• [TASK INSTRUCTIONS] Look below for the line that contains "Leilian PLUS HOUSE" and the line that contains "Nos modelos Master", then restate both of them and every line in between, exactly. No picture goes in the copy.

• [RECORDS FOR PROCESSING]
-------------------------

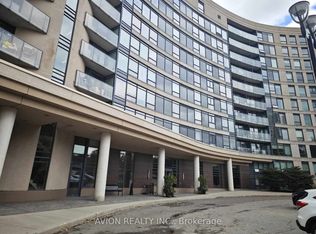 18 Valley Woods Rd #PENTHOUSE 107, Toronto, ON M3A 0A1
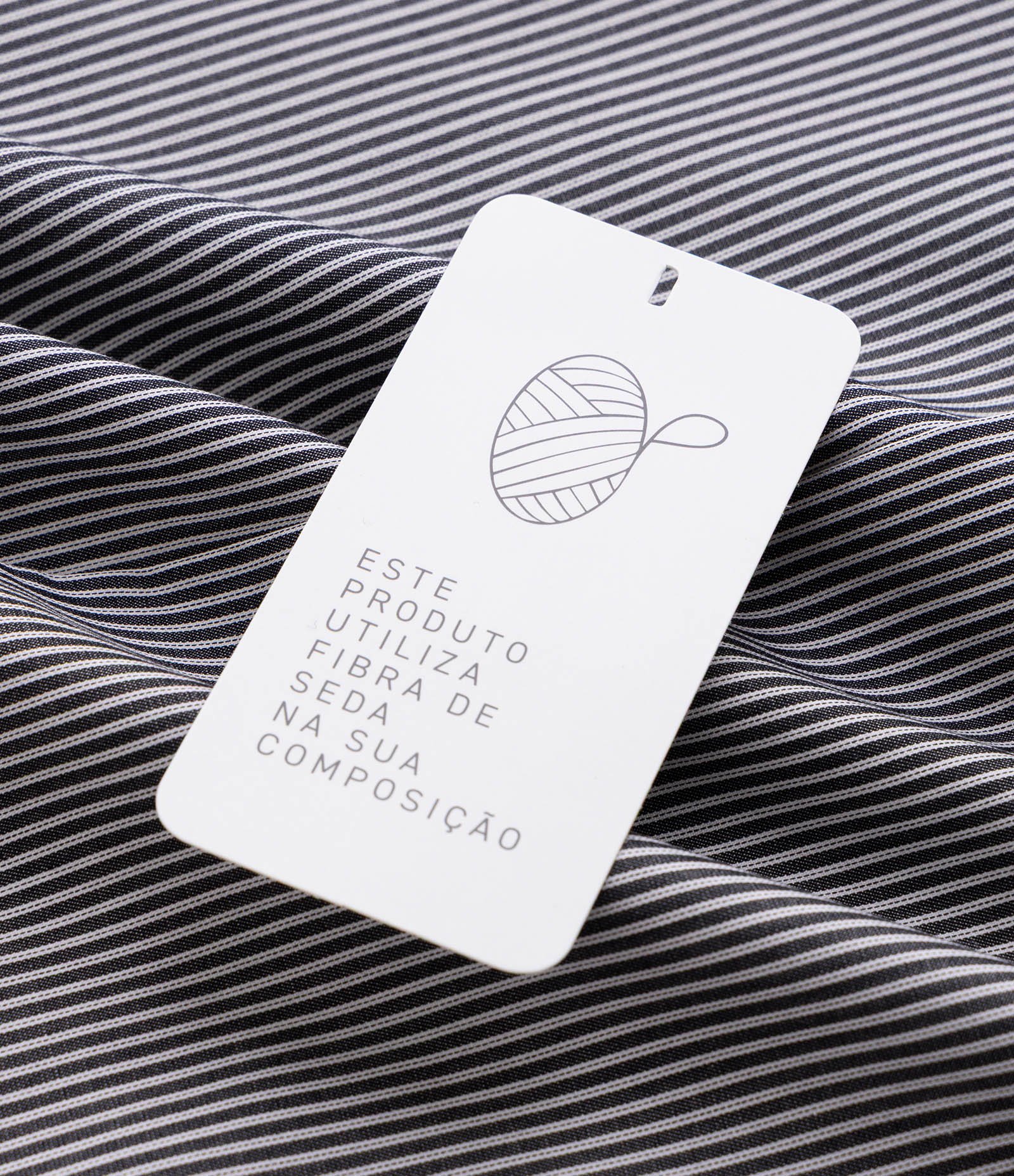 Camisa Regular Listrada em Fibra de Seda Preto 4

-------------------------

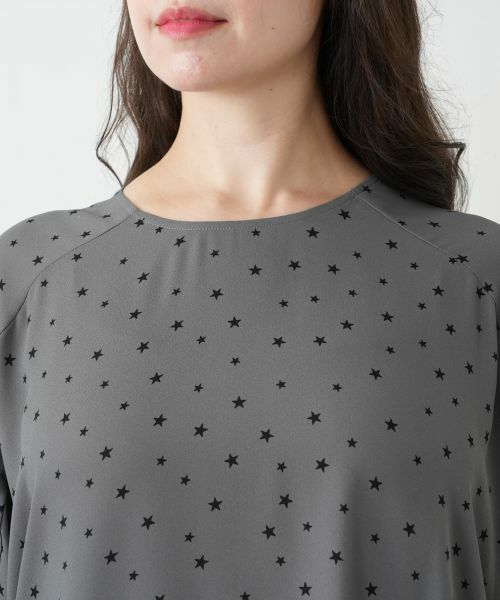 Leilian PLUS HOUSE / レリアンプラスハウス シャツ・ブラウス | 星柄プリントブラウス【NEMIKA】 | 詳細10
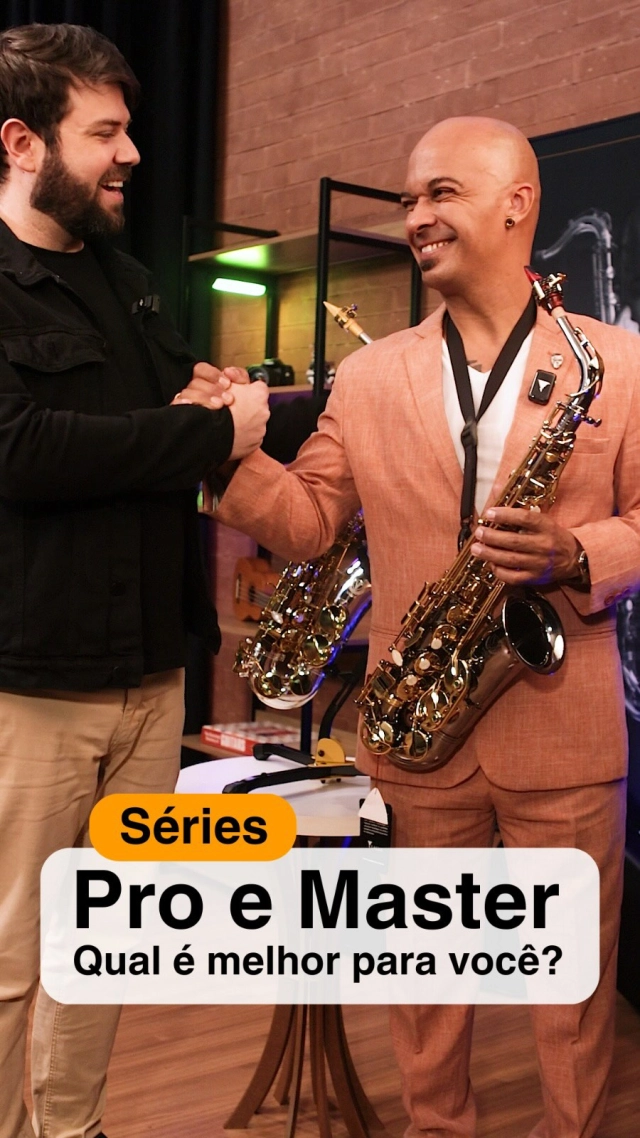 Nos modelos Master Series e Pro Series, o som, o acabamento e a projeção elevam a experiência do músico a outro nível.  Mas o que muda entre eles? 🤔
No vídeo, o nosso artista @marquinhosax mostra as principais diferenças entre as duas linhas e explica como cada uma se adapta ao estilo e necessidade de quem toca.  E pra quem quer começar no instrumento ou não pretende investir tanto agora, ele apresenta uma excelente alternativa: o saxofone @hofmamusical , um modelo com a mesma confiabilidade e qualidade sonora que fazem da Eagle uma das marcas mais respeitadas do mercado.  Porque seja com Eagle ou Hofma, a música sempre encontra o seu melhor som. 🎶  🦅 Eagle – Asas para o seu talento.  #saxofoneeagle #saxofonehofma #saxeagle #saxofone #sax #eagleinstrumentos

-------------------------

• [EXERCISE ANSWER]
 Leilian PLUS HOUSE / レリアンプラスハウス シャツ・ブラウス | 星柄プリントブラウス【NEMIKA】 | 詳細10
 Nos modelos Master Series e Pro Series, o som, o acabamento e a projeção elevam a experiência do músico a outro nível.  Mas o que muda entre eles? 🤔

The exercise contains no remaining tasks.